Data entries:
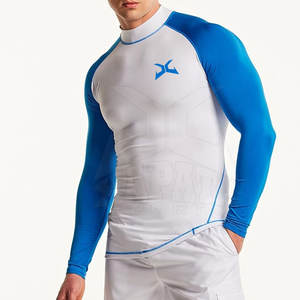 Nuevo estilo para hombre Slim Fit Rash Guard Spandex/poliéster secado rápido ecológico manga completa transpirable ropa de gimnasio gran oferta sólido - Product Image 2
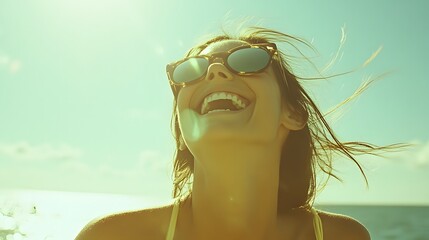 A joyful woman laughs with sunglasses on, expressing happiness.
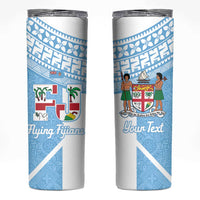 Custom Fiji Tapa Rugby Skinny Tumbler Flying Fijian Blue And White Version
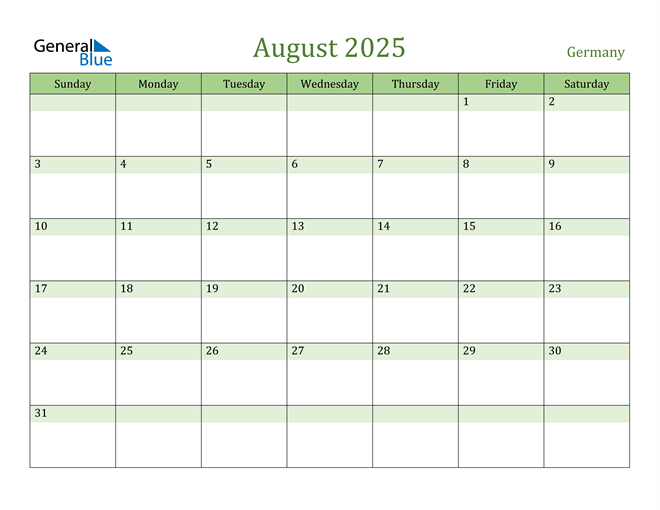 Germany August 2025 Calendar with Holidays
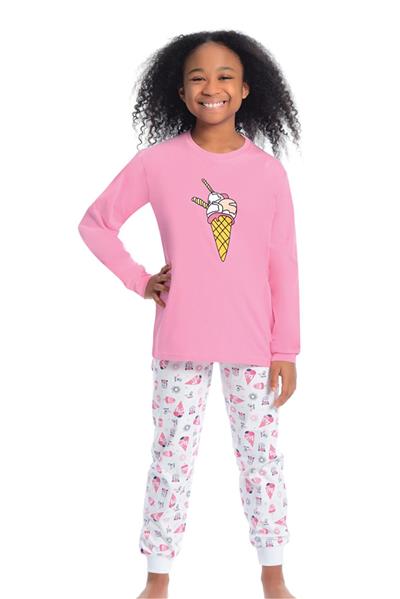 Ersoy 904G Garson Boy Kız Çocuk Uzun Kollu Çocuk Pijama Takımı-Pembe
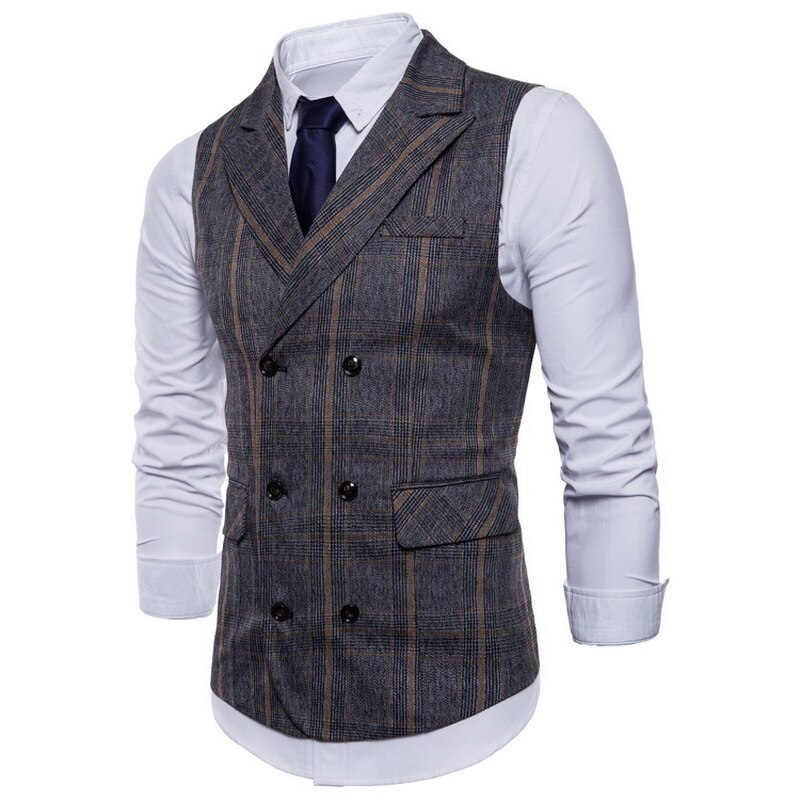 Seenimoe Waistcoat Men Stripe Formal Blazer vests Casual Double Breasted V-neck Vest M-4XL Male England Style Vests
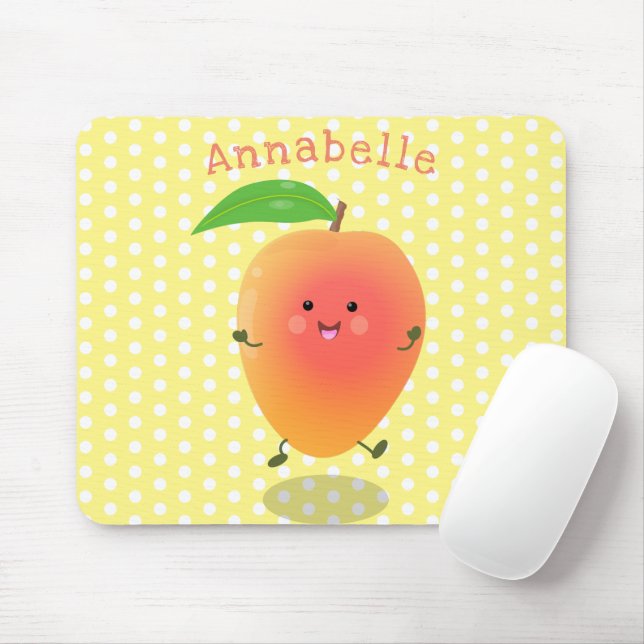 Cute happy mango yellow cartoon illustration mouse pad (With Mouse)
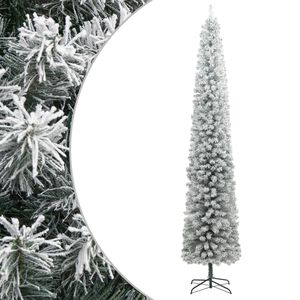 vidaXL Sapin de No&euml;l mince avec support et flocon de neige 270 cm PVC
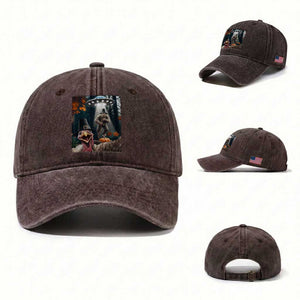 Thanksgiving Funny Bigfoot Turkey Selfie Washed Cotton Baseball Cap TS14 Washed Cap Universal Fit Dark Brown Print Your Wear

• What the task requires: The data above are to be repeated word for word, with any pictures left out.

• Response area:
 Nuevo estilo para hombre Slim Fit Rash Guard Spandex/poliéster secado rápido ecológico manga completa transpirable ropa de gimnasio gran oferta sólido - Product Image 2
 A joyful woman laughs with sunglasses on, expressing happiness.
 Custom Fiji Tapa Rugby Skinny Tumbler Flying Fijian Blue And White Version
 Germany August 2025 Calendar with Holidays
 Ersoy 904G Garson Boy Kız Çocuk Uzun Kollu Çocuk Pijama Takımı-Pembe
 Seenimoe Waistcoat Men Stripe Formal Blazer vests Casual Double Breasted V-neck Vest M-4XL Male England Style Vests
 Cute happy mango yellow cartoon illustration mouse pad (With Mouse)
 vidaXL Sapin de No&euml;l mince avec support et flocon de neige 270 cm PVC
 Thanksgiving Funny Bigfoot Turkey Selfie Washed Cotton Baseball Cap TS14 Washed Cap Universal Fit Dark Brown Print Your Wear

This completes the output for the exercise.